**WHAT NEEDS TO BE DONE**
What is needed is an exact copy of every line in the listing.

**INPUT DATA**
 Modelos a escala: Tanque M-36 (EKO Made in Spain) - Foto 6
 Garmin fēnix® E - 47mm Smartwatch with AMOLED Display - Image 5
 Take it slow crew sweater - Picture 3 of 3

**OUTPUT FOR THIS TASK**
 Modelos a escala: Tanque M-36 (EKO Made in Spain) - Foto 6
 Garmin fēnix® E - 47mm Smartwatch with AMOLED Display - Image 5
 Take it slow crew sweater - Picture 3 of 3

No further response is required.